Carbon is the basis of biological soil fertility. It is the main compound in organic matter and an essential source of food for beneficial soil microbes. The presence of organic carbon improves soil health and fertility, increasing crop yields and reducing soil degradation. A low value indicates potential for Carbon Loss from the soil, while high values indicate potential for Carbon Sequestration.

 

Carbon Fixation: the conversion process of inorganic carbon to organic compounds by living microorganisms. Autotrophic (lithotrophic) microorganisms utilize the conversion of CO2, carbonates, or other single-carbon compounds (e.g.
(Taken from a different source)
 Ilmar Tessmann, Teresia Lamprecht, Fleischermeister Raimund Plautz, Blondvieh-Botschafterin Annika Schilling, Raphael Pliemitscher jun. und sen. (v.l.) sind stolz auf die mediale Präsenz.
Methane) into organic forms (carbohydrate) for anabolism (Sylvia et al. 1999). Examples of these organisms are algae, cyanobacteria, nitrifying bacteria, methanotrophs (bacteria and archaea that use CH4 as an energy source), as well as methane, hydrogen, iron, and sulfur-oxidizing bacteria. This metabolic pathway yields far less energy than heterotrophs, but they can use energy sources that most other organisms cannot, so this can make them more competitive in certain environments (e.g. low organic carbon). This measurement is linked to “Methanogenesis.” 

 

Aerobic Respiration: the conversion process of inorganic carbon to organic compounds by living microorganisms.

Fermentation: the process in which cells gain energy from organic compounds in non-oxygenated conditions, releasing CO2. The process where microbes use a carbon compound (usually pyruvate) for both electron acceptor and donor and typically occurs in an anaerobic environment. 
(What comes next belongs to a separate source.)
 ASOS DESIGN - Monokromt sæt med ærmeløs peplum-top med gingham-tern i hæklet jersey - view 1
Methanogenesis: methane (CH4) by microbes, contributing to the degradation of organic matter. Use of CO2 for anabolism that results in the byproduct methane (CH4). Typically archaea (different domain than bacteria distinguished by a different type of cell wall) are responsible for this process. The typical soil conditions for methanogenesis are anoxic (lacking oxygen) microsites in soil or in flooded soils (Serrano-Silva et al. 2014). Wetlands are major sources (flooded rice fields being a primary source). A few researchers have reported methanogenesis in aerobic (oxic) environments. The thought is that this process is possibly abiotic, but recent research has found an organism Candidatus Methanothrix paradoxum (an archaea) may be responsible in oxic wetland soils (Angle et al. 2017).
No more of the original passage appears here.